There are many myths about the auto bailout, one of which — repeated almost daily in various newspapers — is that taxpayers will have “lost” a net $10 billion when the stock sale is complete.
That’s technically true — but in the same way as it is true that you “lose” money when you replace your tires or change your oil, so your car won’t suffer a blowout or engine failure that would destroy the vehicle and might kill you in the process.
The U.S. Treasury did, indeed, give General Motors $49.5 billion to keep the automaker afloat before it could prepare for what was later referred to as a “cushioned” or “soft” bankruptcy.
Stock prices fluctuate, but it looks as if the taxpayers may get no more than $39 billion of that back, when all is said and done.
But that remaining $10 billion may be one of the best and most sound investments in the history of the U.S. Treasury.
Make no mistake about it: If Washington had not pumped billions of dollars into both General Motors and Chrysler in the crisis year of 2009, those companies would no longer exist.

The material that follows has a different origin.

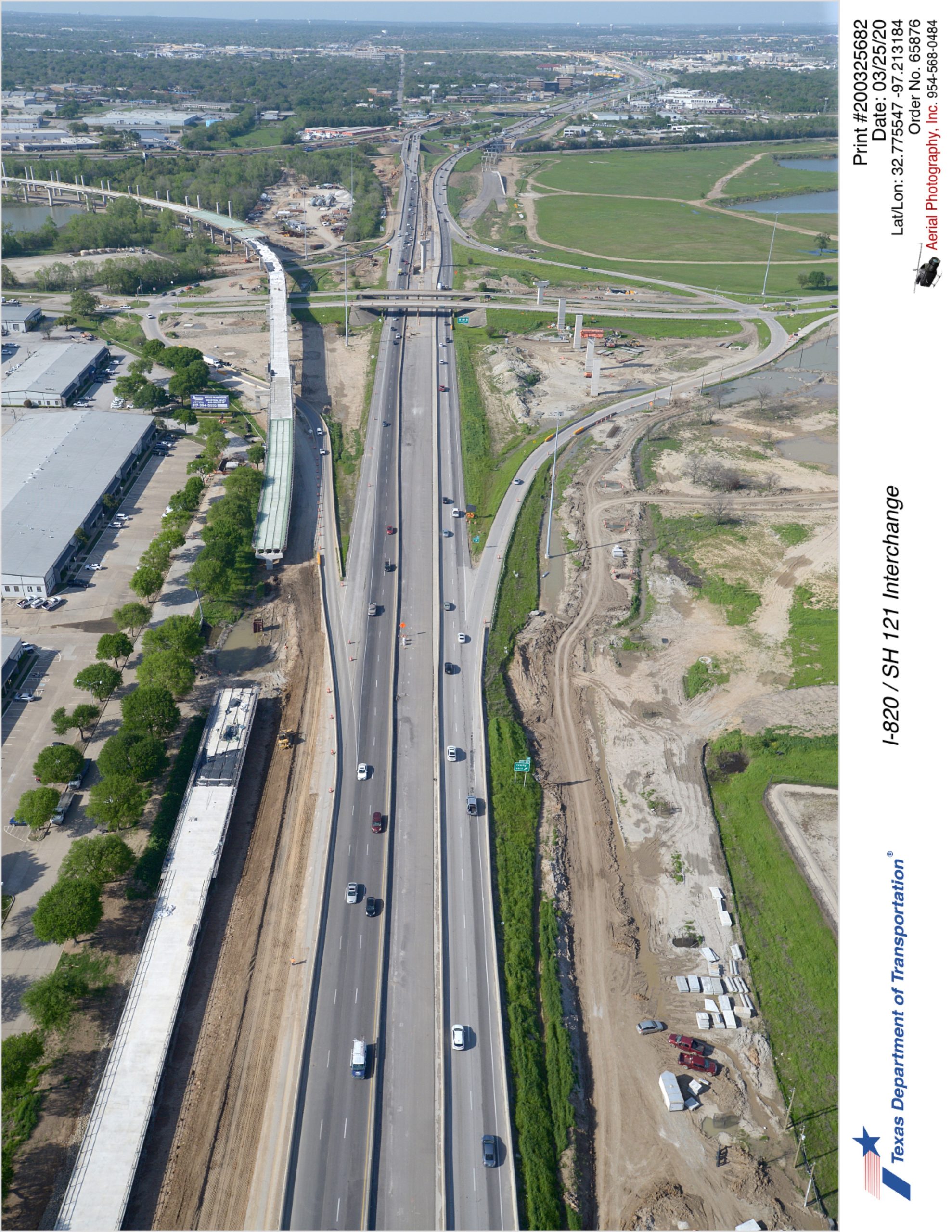 I-820 looking north with Trinity Blvd interchange in background. Construction of SH 121 direct connector ramp and new southbound mainlanes shown on west side.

But that would be the least of our problems. We might very well, for one thing, be in the equivalent of a Great Depression. Economists at CAR, the Center for Automotive Research, a nonprofit think tank in Ann Arbor, have intensely studied the bailout.

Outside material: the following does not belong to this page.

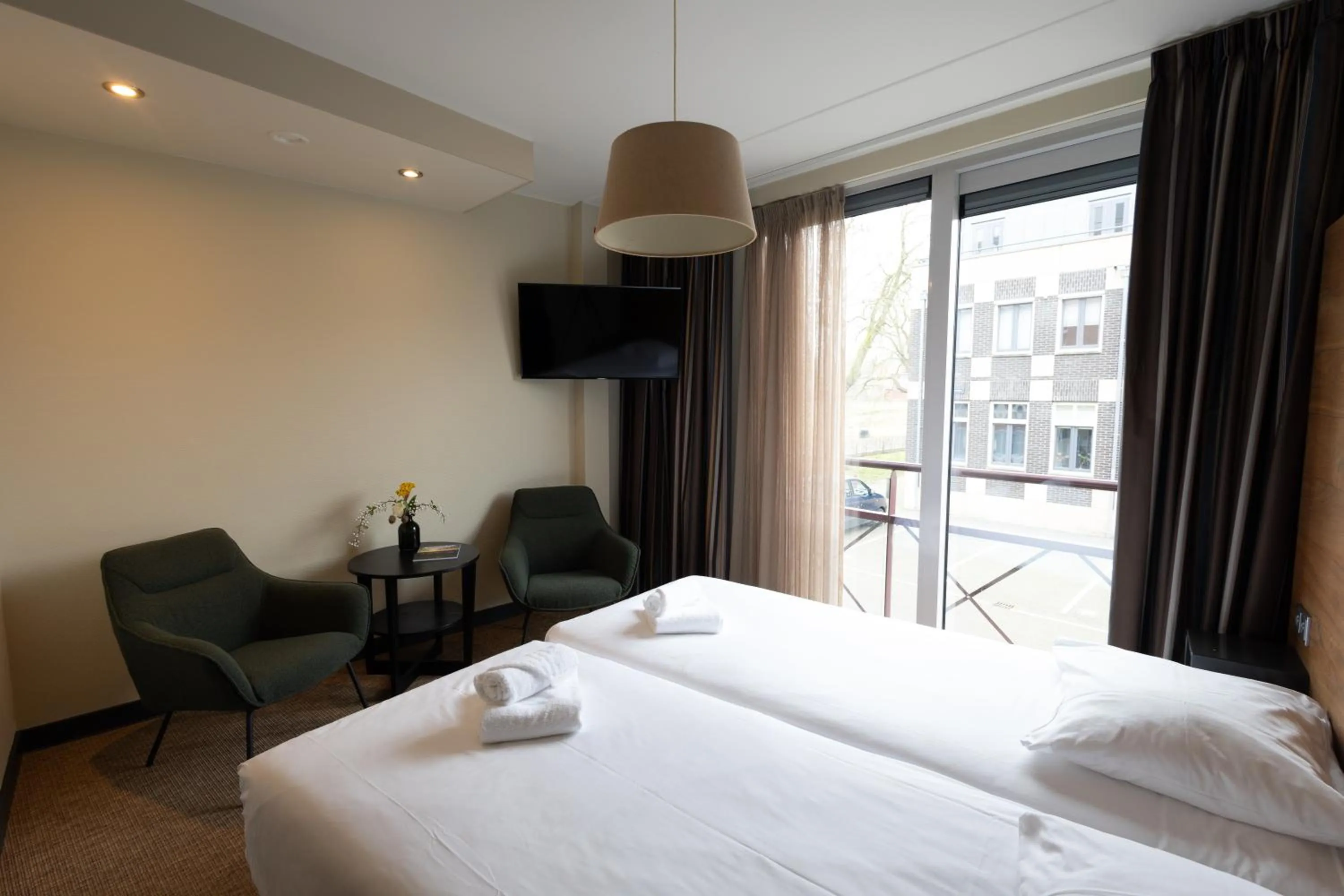 Bed in Stadshotel Doesburg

They concluded that without the bailout, 1.1 million jobs would have been lost in 2009 alone. Another 314,000 jobs would have been lost the next year, and more after that, as the grim ripple effect of the collapse of the industry spread throughout the economy.
The Center for Automotive Research’s Kristen Dziczek estimates that this “worst case” scenario would have cost the government twice as much — $21.6 billion — in 2009 alone.
That would be as a result of fewer taxes being paid, emergency relief programs, and other expenses, none of them good. The loss or personal income would have totaled $400 billion by the end of 2011.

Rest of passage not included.